Friday, May 30, 2008

Mmm, pictures.

Reviewing my pictures from our trip, I see that there aren’t a lot of good ones. Most of the time I forgot I had a camera with me; we were having such a good time it just didn’t occur to me to photograph it.

So what do we have here.

Our first day in Paris, we were exhausted from a long day, night and next morning of travel (remind me next time to book a direct flight), so after depositing our bags at our hotel we ambled down to the river and hopped on board a tour boat for an hour’s ride up and down the Seine. R. was so tired that he actually fell asleep standing up; that was fun. Here’s a view of Notre Dame as we passed it by:

This was kind of cool: there’s a famous private residence in Paris called the Glass House, built by Pierre Chareau in 1931. We thought we would wander by to see it, not focusing on the fact that most apartments in Paris are entered into from a courtyard closed off from the street by an imposing, locked door. When we found the address, which was not much to see since it was just the aforementioned closed door, we were a little disappointed. All of a sudden, though, the door opened and a woman lugging a trash can appeared. We craned our necks to see behind her, and could just glimpse the house’s glass façade. She asked what we wanted, and we said we had just come to see the house. She told us nobody was home right now, but then for some reason swung the door open for us and let us into the courtyard. I think it would be much more impressive at night, all lit up from behind (see the link I posted), but nonetheless it was pretty cool to be able to see it:

Other than that, as I said before we pretty much just strolled and drank in Paris. Here’s a view from our perch at one café in the artsy sixth arrondissement:

And here’s some other random photos, such as the street I lived on when I was a kid and me pretending to be getting ready to have my head chopped off at the Conciergerie, the city prison where prisoners, including Marie Antoinette, were held temporarily before being taken for execution. Cheery!

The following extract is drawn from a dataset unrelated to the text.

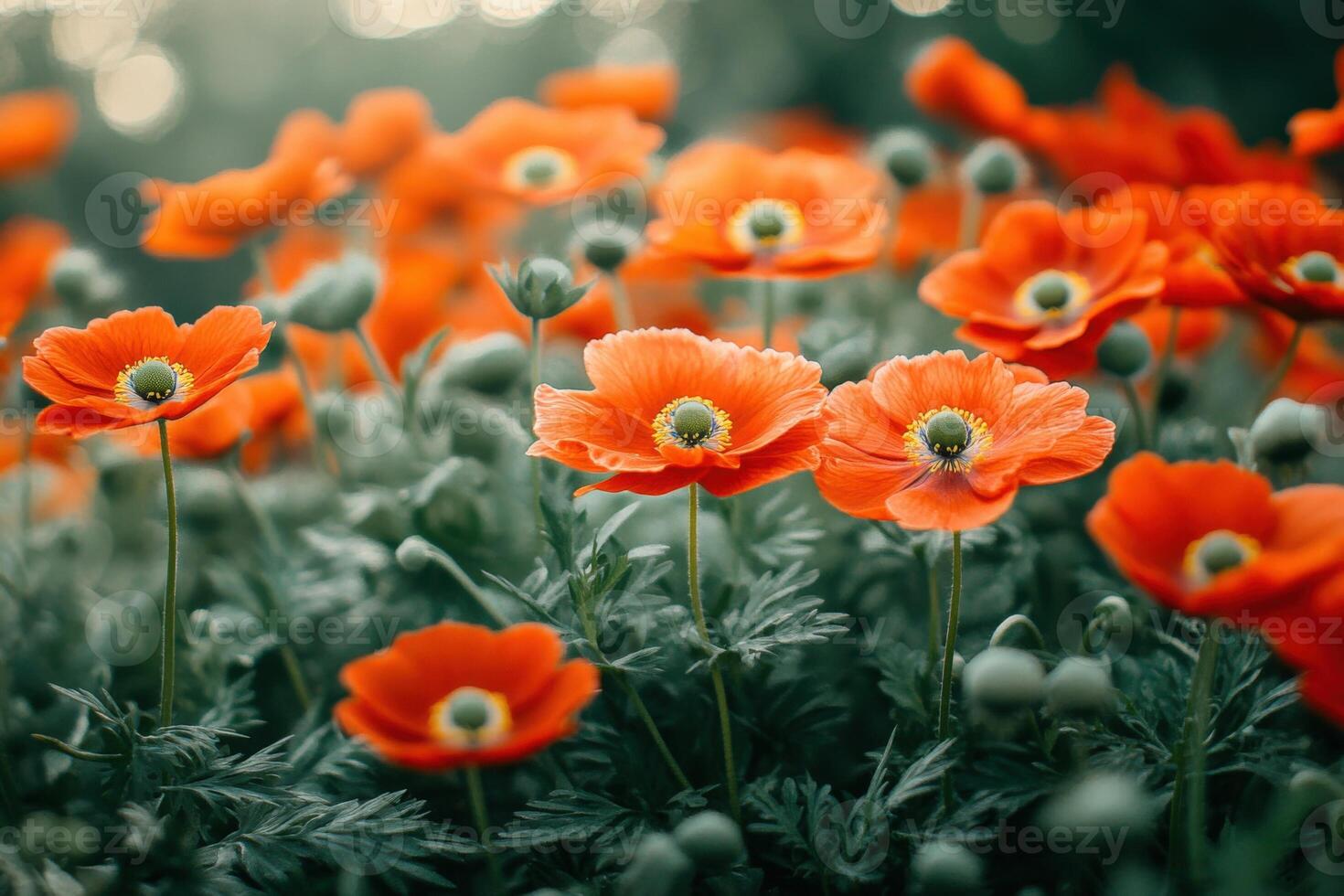 Poppies, orange, flowers, field, nature, nature photography, nature, nature photography photo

I took even less pictures of London, if that’s possible. Here we have R. in a cab, a sunny day in Green Park, and our hotel room and view from its back window into the garden and the Sainsbury’s car park. Glamorous stuff.

In other news:

Since we’ve gotten back, I have found myself in the throes of yet another career crisis. You would think that since I have the same one every six months I would get off my ass and do something about it, but somehow I allow myself to remain paralyzed. The truth is, even though I don’t despise what I do for a living, and even have an aptitude for it, I know I would be happier doing something else. I’ve been working in the corporate world for 12 years and I have never, ever EVER cared about corporate stuff. Who’s merging with whom, bottom lines, money, money money. Well, I care about that last one, but only to the extent it’s mine.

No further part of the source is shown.